**Problem statement:**
Beginning with the first line below, please restate each line exactly, down to and including the line containing "Die Simpsons Familie in Springfield".

BEGIN Dataset records

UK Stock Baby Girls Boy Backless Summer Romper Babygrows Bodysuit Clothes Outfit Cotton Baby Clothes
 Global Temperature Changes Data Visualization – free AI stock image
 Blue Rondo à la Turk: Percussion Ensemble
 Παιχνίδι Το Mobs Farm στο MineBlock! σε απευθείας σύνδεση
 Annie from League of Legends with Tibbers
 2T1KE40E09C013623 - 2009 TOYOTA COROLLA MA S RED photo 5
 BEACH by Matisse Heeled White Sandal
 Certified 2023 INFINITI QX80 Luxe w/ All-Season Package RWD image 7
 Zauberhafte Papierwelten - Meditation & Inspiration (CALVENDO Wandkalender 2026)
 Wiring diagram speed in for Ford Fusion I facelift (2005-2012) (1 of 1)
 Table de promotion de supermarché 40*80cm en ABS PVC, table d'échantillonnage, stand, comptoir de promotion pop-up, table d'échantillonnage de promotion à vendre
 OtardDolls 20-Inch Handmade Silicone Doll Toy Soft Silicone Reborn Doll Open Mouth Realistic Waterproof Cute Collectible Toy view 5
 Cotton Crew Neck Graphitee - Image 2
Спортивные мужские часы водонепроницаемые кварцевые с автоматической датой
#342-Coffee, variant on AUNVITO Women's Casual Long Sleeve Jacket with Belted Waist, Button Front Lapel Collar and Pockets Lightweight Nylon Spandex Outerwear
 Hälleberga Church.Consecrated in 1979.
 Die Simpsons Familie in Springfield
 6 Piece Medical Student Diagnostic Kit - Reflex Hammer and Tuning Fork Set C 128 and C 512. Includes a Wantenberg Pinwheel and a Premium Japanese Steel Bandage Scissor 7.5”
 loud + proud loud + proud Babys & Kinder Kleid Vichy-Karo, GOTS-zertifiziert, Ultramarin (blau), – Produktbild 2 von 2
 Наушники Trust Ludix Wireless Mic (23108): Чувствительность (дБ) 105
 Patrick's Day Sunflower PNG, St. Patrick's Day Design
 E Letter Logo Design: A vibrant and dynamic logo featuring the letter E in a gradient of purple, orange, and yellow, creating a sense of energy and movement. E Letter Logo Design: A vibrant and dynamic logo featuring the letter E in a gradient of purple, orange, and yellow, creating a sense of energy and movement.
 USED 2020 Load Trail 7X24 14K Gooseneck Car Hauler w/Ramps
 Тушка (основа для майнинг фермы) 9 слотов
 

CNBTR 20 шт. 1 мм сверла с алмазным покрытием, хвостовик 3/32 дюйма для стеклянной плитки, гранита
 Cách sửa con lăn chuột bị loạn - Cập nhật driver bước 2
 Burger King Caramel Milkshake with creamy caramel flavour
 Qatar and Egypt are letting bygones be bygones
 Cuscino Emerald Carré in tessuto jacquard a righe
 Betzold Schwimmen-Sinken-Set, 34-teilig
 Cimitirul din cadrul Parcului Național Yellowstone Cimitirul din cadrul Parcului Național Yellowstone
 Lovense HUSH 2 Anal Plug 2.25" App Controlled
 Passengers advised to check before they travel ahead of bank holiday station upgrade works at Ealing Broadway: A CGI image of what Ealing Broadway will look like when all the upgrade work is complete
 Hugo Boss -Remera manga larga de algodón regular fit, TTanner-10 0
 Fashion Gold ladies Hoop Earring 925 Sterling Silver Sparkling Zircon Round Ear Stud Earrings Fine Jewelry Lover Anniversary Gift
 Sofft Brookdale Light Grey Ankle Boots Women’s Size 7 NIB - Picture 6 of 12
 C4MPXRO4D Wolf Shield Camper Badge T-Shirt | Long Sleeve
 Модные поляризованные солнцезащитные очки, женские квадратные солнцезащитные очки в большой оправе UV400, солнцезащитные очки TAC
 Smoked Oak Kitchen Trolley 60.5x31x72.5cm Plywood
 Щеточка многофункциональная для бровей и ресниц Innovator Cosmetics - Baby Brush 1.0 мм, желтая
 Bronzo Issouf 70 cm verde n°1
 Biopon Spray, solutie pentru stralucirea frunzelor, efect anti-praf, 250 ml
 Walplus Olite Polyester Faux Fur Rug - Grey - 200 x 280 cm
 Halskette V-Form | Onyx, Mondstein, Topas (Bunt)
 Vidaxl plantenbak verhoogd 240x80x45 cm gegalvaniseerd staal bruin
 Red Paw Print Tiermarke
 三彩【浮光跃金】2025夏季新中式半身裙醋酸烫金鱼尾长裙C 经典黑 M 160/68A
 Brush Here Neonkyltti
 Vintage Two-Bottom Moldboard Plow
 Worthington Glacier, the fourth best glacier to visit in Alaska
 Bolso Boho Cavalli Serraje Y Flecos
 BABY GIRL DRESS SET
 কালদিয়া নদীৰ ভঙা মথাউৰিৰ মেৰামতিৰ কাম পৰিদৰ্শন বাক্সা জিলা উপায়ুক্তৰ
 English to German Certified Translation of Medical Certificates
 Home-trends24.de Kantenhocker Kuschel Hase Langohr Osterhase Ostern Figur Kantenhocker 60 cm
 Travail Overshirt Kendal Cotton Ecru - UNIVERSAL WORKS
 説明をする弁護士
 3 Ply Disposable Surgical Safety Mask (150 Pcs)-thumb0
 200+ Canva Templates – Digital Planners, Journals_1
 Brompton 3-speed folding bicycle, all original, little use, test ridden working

END Dataset records

**Answer to this exercise:**
UK Stock Baby Girls Boy Backless Summer Romper Babygrows Bodysuit Clothes Outfit Cotton Baby Clothes
 Global Temperature Changes Data Visualization – free AI stock image
 Blue Rondo à la Turk: Percussion Ensemble
 Παιχνίδι Το Mobs Farm στο MineBlock! σε απευθείας σύνδεση
 Annie from League of Legends with Tibbers
 2T1KE40E09C013623 - 2009 TOYOTA COROLLA MA S RED photo 5
 BEACH by Matisse Heeled White Sandal
 Certified 2023 INFINITI QX80 Luxe w/ All-Season Package RWD image 7
 Zauberhafte Papierwelten - Meditation & Inspiration (CALVENDO Wandkalender 2026)
 Wiring diagram speed in for Ford Fusion I facelift (2005-2012) (1 of 1)
 Table de promotion de supermarché 40*80cm en ABS PVC, table d'échantillonnage, stand, comptoir de promotion pop-up, table d'échantillonnage de promotion à vendre
 OtardDolls 20-Inch Handmade Silicone Doll Toy Soft Silicone Reborn Doll Open Mouth Realistic Waterproof Cute Collectible Toy view 5
 Cotton Crew Neck Graphitee - Image 2
Спортивные мужские часы водонепроницаемые кварцевые с автоматической датой
#342-Coffee, variant on AUNVITO Women's Casual Long Sleeve Jacket with Belted Waist, Button Front Lapel Collar and Pockets Lightweight Nylon Spandex Outerwear
 Hälleberga Church.Consecrated in 1979.
 Die Simpsons Familie in Springfield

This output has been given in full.